Eurogamer received the following response from Konami regarding the rumor:
We cannot share anything at this point, but we are listening to customer feedback and considering ways to provide the next title.
AestheticGamer has clarified his previous comments about two new Silent Hill games being in development, stating there’s no guarantee that both title are still happening. He did, however, make it clear they were nothing related to Konami’s gambling exploits with the IP.
New Silent Hill Games May Not Happen
Writing on Twitter, AestheticGamer made it clear that the new Silent Hill titles may not even happen, as his info is based on what he heard two years ago.
The games I’m talking about are not gambling games. Konami were approaching video game development studios to seek interested developers for pitches to evaluate, and were looking for two slots. I also know this might sound like a cop out to some, but outside of Konami approaching developers about this a couple years ago I literally know nothing else.
Someone I personally know that worked at one of the approached studios told me this some time ago, and I later was told the same thing by someone else at a different studio. Neither studios ended up getting the job though. I don’t know if they’re still in development, but I’d guess that they are. Others probably know far more than I do.

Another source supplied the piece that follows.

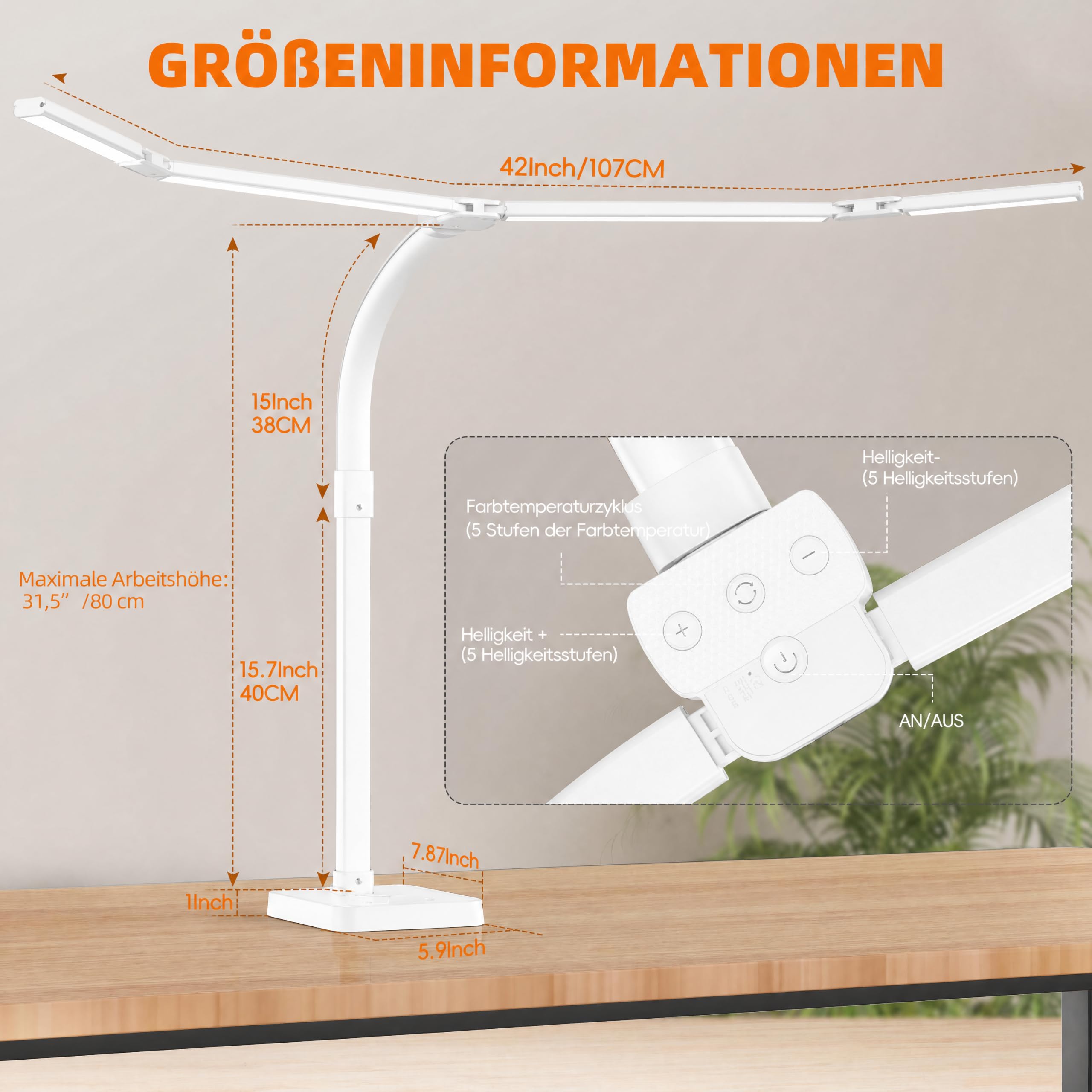 TANTU Lampa biurkowa LED, ściemniana, 24 W, 80 cm, z funkcją ładowania, bezprzewodowa ładowarka, funkcja ładowania USB, lampa architektoniczna, lampa stołowa, 5 temperatur barwowych, 5 poziomów jasności, czarna lampa biurowa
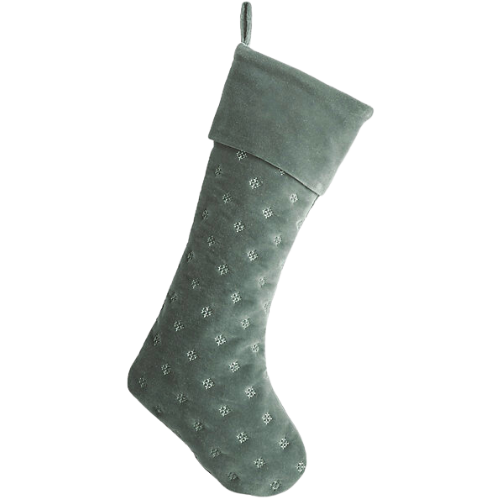 Frontgate Green Sage Rumi Velvet Stocking with Quilted Texture & Embroidery Details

I don’t know anything else more than this.
The Silent Hill franchise launched back in 1999 for the PSOne, with the last major entry to date being Silent Hill: Downpour back in 2012.
Konami was working on a reboot starring The Walking Dead’s Norman Reedus back in 2014, known as Silent Hills, but the game was cancelled following Hideo Kojima’s much-publicised falling out with the company the following year.
Recently, the creature artist for the series, Masahiro Ito, who was responsible for creating the likes of Pyramid Head among others, confirmed he’s working on a new project.
Silent Hill still maintains a loyal following worldwide, so hopefully the series will be resurrected at some point.